Moon of Alabama Brecht quote
January 28, 2011
Egypt’s Protests

Demonstrations are planned in Egypt after today's Friday prayers. The Mubarak dictatorship has forbidden all protest so street battles are to be expected. Over night security forces arrested many of the protest and Muslim Brotherhood leaders.

Former IAEA boss El Baradei has returned to Egypt and wants to take charge. Read his op-ed in Newsweek. I do not believe that he has yet the power he feels he has. He should watch out for a single bullet coming towards him.

The Muslim Brotherhood, founded in Egypt in 1928, will have the decisive role in the demonstrations today and their likely brutal takedown. If the Brotherhood mobilizes its followers, as it has announced to do, the masses can overwhelm the security forces. Otherwise, … who knows?

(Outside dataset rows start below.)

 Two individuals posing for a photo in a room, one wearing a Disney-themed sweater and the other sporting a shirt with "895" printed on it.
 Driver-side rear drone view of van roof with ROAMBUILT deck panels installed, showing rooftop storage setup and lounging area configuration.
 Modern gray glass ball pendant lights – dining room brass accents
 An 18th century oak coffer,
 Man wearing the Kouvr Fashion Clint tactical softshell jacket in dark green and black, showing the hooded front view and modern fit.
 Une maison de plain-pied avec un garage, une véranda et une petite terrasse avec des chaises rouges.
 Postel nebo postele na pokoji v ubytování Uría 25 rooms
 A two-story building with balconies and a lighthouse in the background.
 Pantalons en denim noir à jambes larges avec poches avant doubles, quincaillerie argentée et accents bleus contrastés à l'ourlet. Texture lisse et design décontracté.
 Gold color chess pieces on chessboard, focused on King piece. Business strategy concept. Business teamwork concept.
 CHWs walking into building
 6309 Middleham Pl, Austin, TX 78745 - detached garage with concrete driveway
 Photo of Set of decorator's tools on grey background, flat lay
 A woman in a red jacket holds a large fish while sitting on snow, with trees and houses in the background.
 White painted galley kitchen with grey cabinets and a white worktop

Egypt is now mostly disconnected from the Internets just 15 minutes after AP published this video of a man getting shot by police forces. Send by someone in Cairo:

"The government can take away my freedom, but if they take away my internet porn, they're going down."

The U.S. has taken the side of Mubarak with Vice President Biden making unmistakeably clear that for Washington the interests of the Zionist is the most important issue:

“Mubarak has been an ally of ours in a number of things. And he’s been very responsible on, relative to geopolitical interest in the region, the Middle East peace efforts; the actions Egypt has taken relative to normalizing relationship with Israel,” the vice president said. “And I think that it would be – I would not refer to him as a dictator."

The Egyptian military has so far stayed neutral. If it would take sides against Mubarak he would be done with. The Egyptian chief of staff is currently in Washington on pre-planned annual meeting. In December some Wikileaks cable were made public that show some general U.S. misgivings about the Egyptian military. That might have set a not too bright background for any influence Washington now tries to take on it.

For background about the protests and how they evolved from the death of Khaled Said watch this Time video.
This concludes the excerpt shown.